Recipe By: Loosely based on a Tyler Florence recipe
Serving Size: 12
NOTES: Tomato is an optional ingredient – some Argentinians use quite a bit. They probably wouldn’t make it in a food processor, though. And many native recipes don’t even add oil to it!

6 large garlic cloves
1 whole jalapeno — seeded, chunks
2 tablespoons yellow onion — coarsely chopped
1/4 cup red wine vinegar
1 bunch fresh flat-leaf parsley — chopped in big pieces
1 1/2 tablespoons dried oregano — (use 3x as much fresh if you have it)

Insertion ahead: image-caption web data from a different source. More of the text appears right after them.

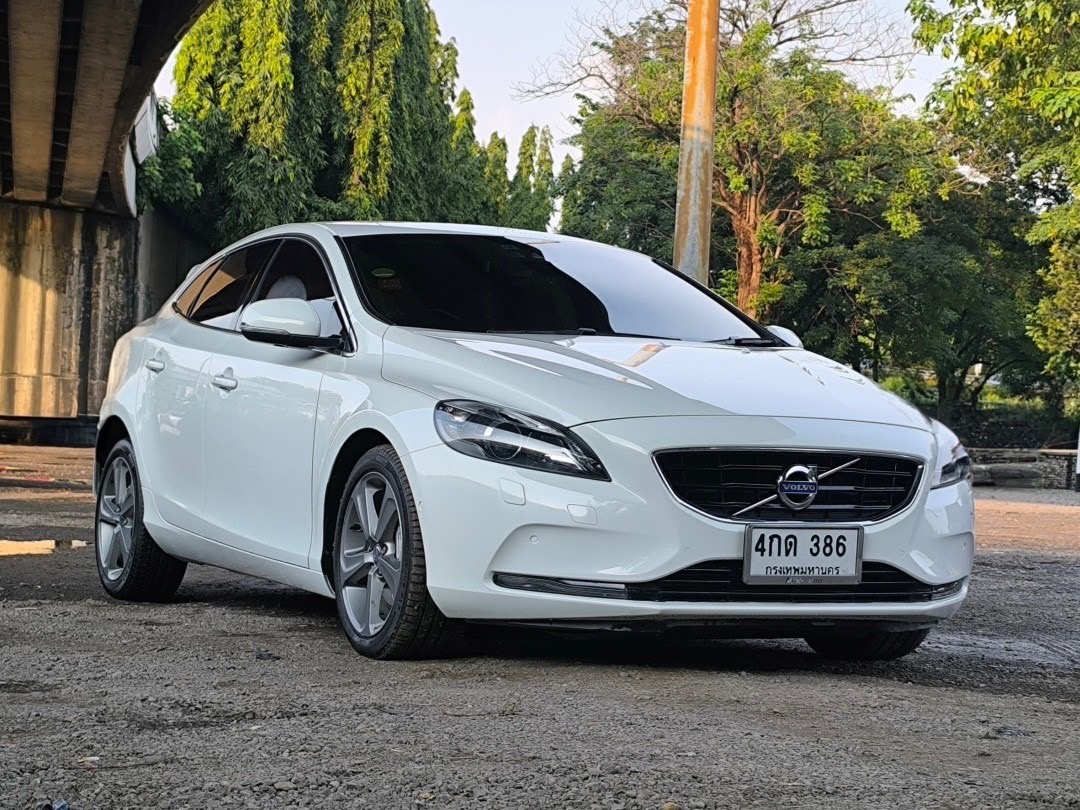 Volvo V40 T5 สีขาว 2.0 เบนซิน turbo ปี 2015 Top
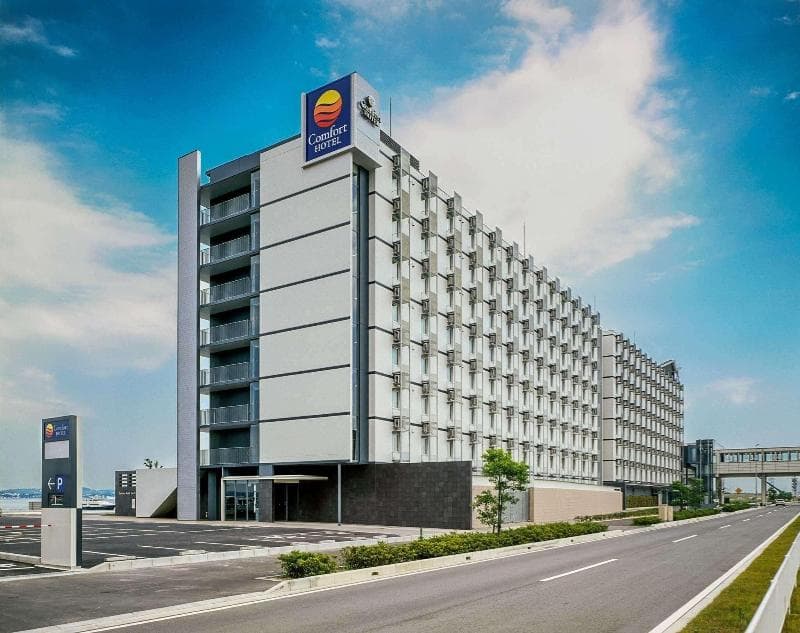 Comfort Hotel Central International Airport photo 1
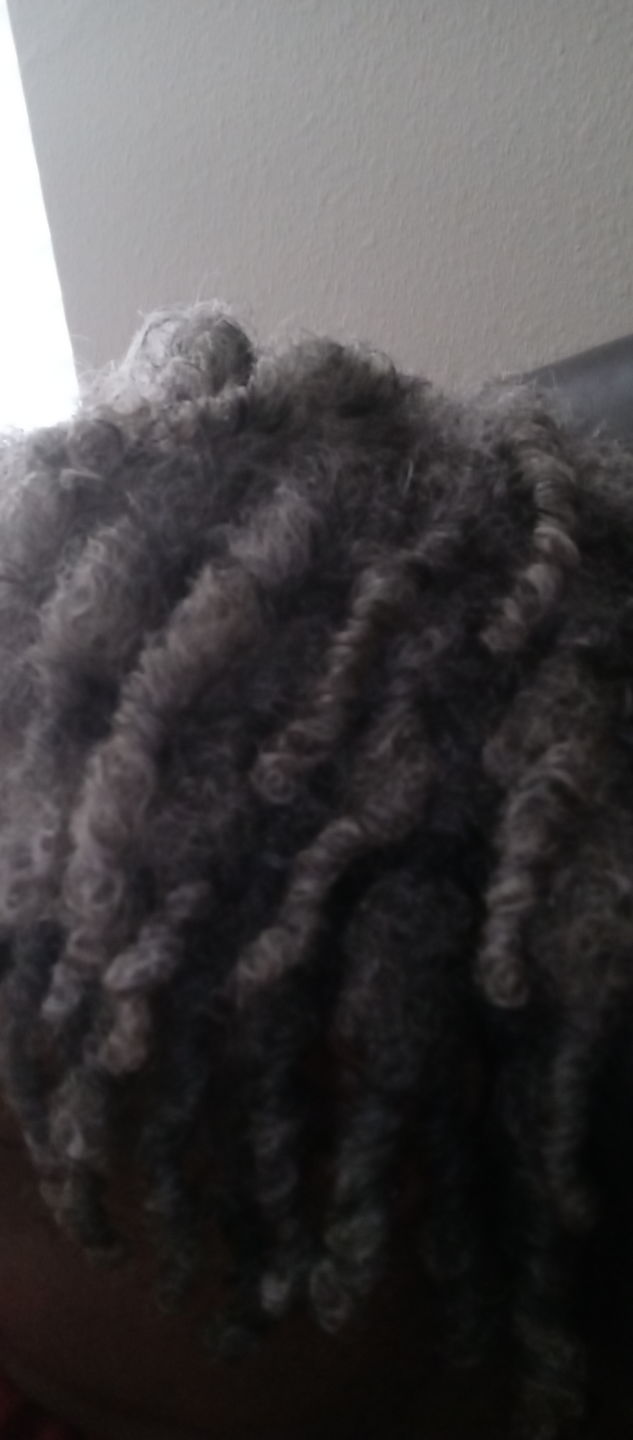Customer photo review of Curly Hair Wash and Go System with Organic Jojoba Oil for Moisturizing Hair with Lavender Fragrance (Step 1 - 4)
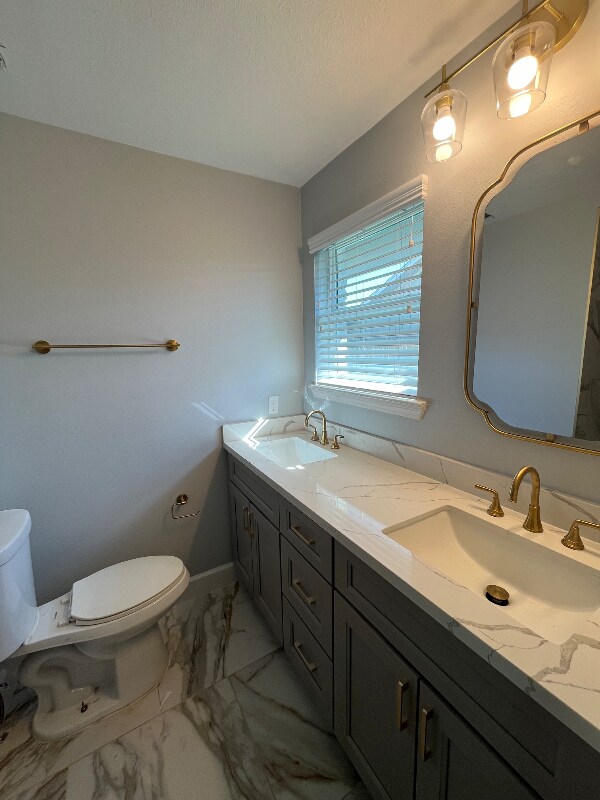 Building Photo - 1823 Shadow Bend Dr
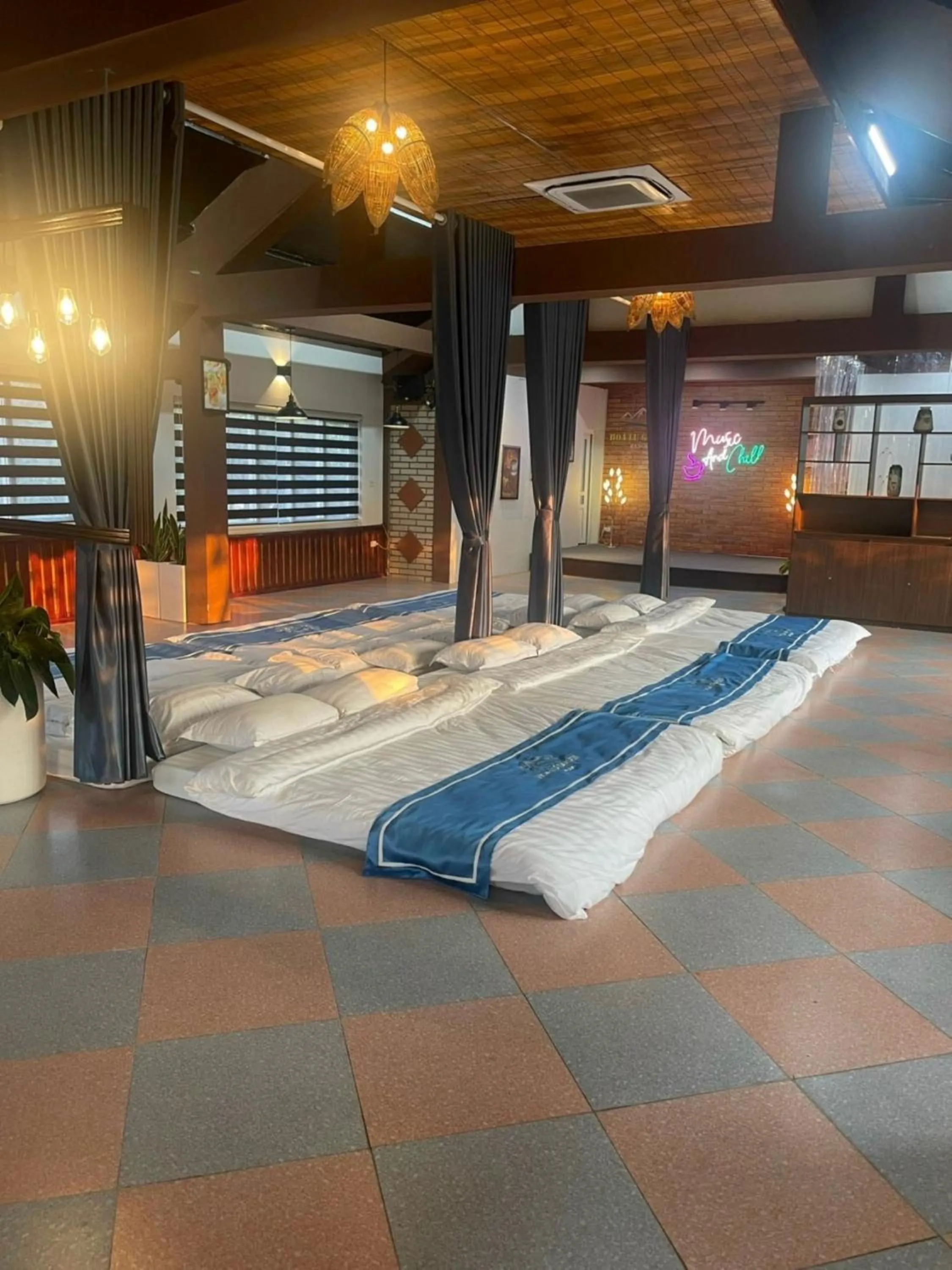 Bed in Hoa Lu Garden Resort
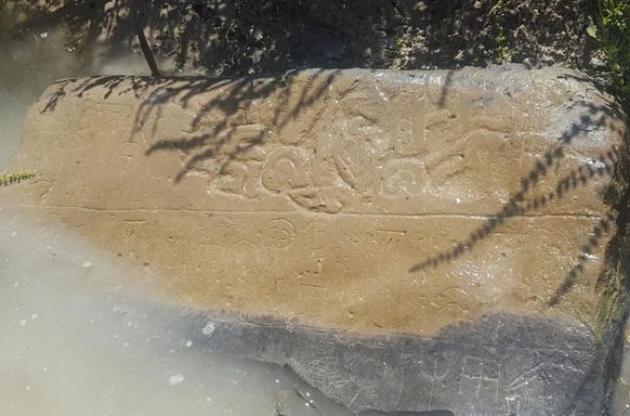 Напівзатоплений камінь із написами 8 століття до н. е. (Джеймс Осборн)/sciencealert.com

2 whole limes — juiced [use lemons in a pinch]
1 cup olive oil
1 teaspoon kosher salt
1 teaspoon freshly ground black pepper

1. Into the bowl of a food processor fitted with the steel blade and with motor running, drop the garlic cloves, then add jalapeno and onion. Process until it’s finely minced.
2. Open the bowl and add the vinegar, parsley, oregano, and lime juice. Process JUST enough to coarsely chop all the parsley, then add the olive oil, salt and pepper and continue to process, but do NOT puree completely. You want to have some parsley texture. Set aside for at least an hour to allow the flavors to marry.
3. Spoon some chimichurri over grilled meat and serve with the remaining sauce at the table.
Per Serving: 170 Calories; 18g Fat (92.3% calories from fat); trace Protein; 3g Carbohydrate; 1g Dietary Fiber; 0mg Cholesterol; 160mg Sodium.